■ What you should do ■
Nothing should appear in the answer except the lines from the one with "Powell Peralta Mike" through the end of the listing below, transcribed exactly and without pictures.

■ Collected data ■
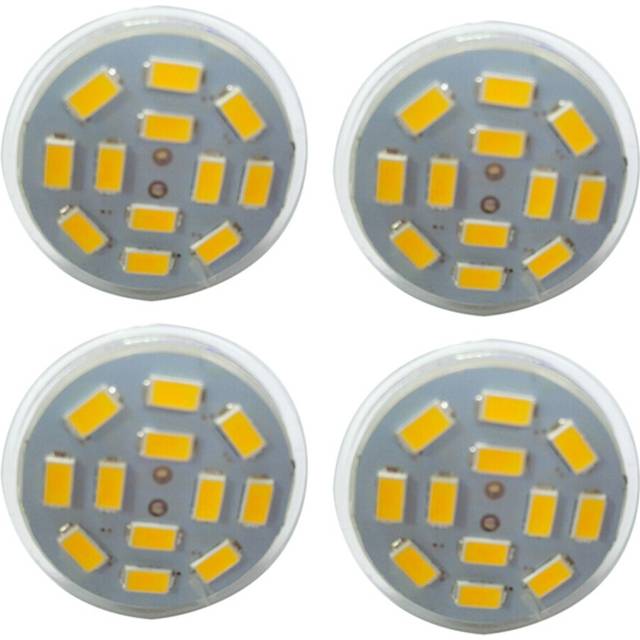 4X 6W GU4 LED Spotlight MR11 12 SMD 5730 570 DC 12V, Warm White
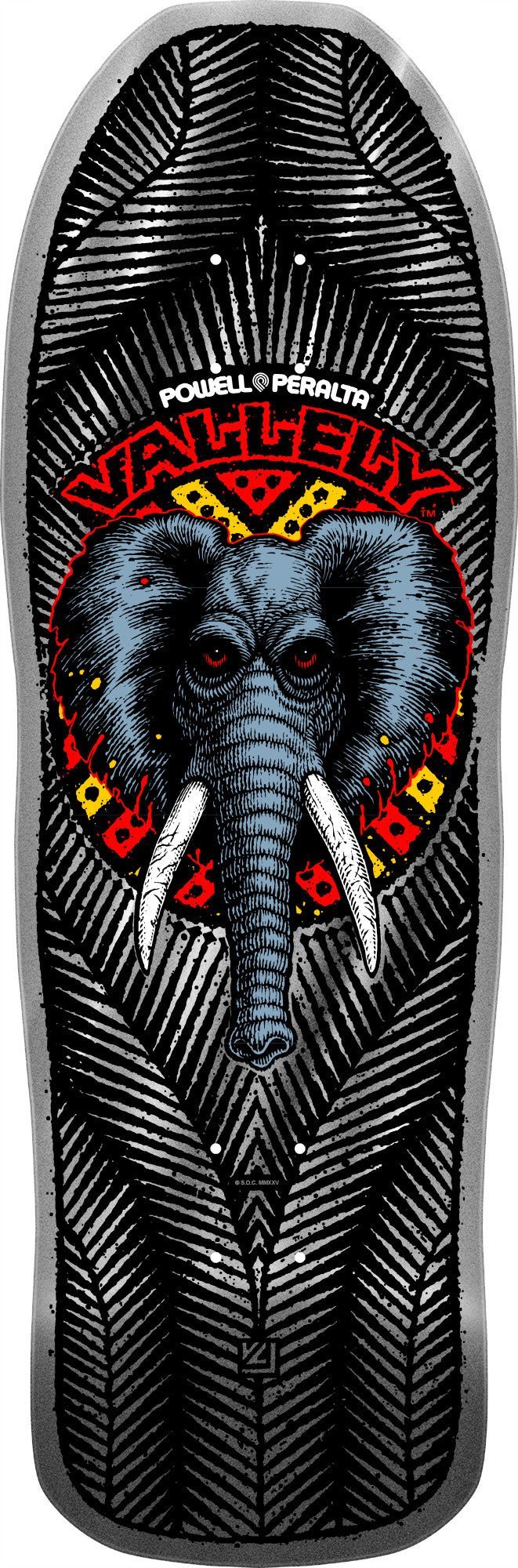 Powell Peralta Mike Vallely Elephant Silver deck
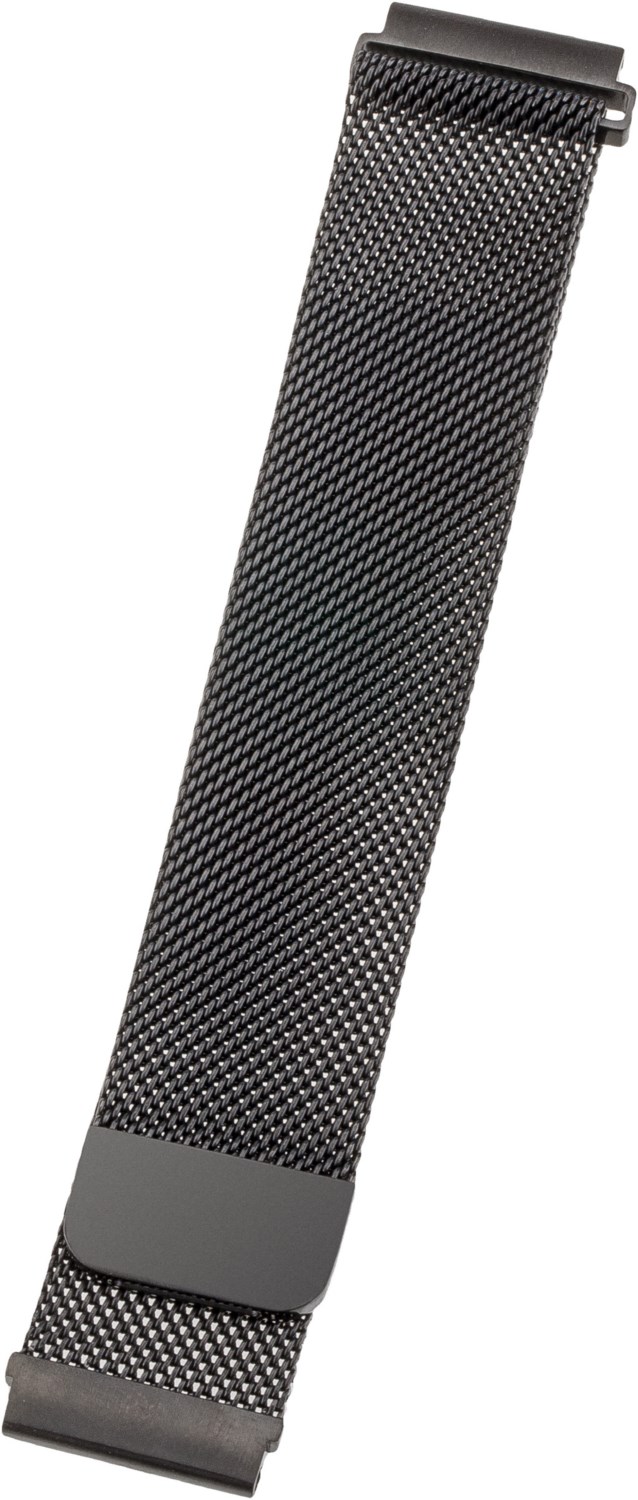 Armband Milanaise (20mm) schwarz von Peter Jäckel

■ Solution ■
 Powell Peralta Mike Vallely Elephant Silver deck
 Armband Milanaise (20mm) schwarz von Peter Jäckel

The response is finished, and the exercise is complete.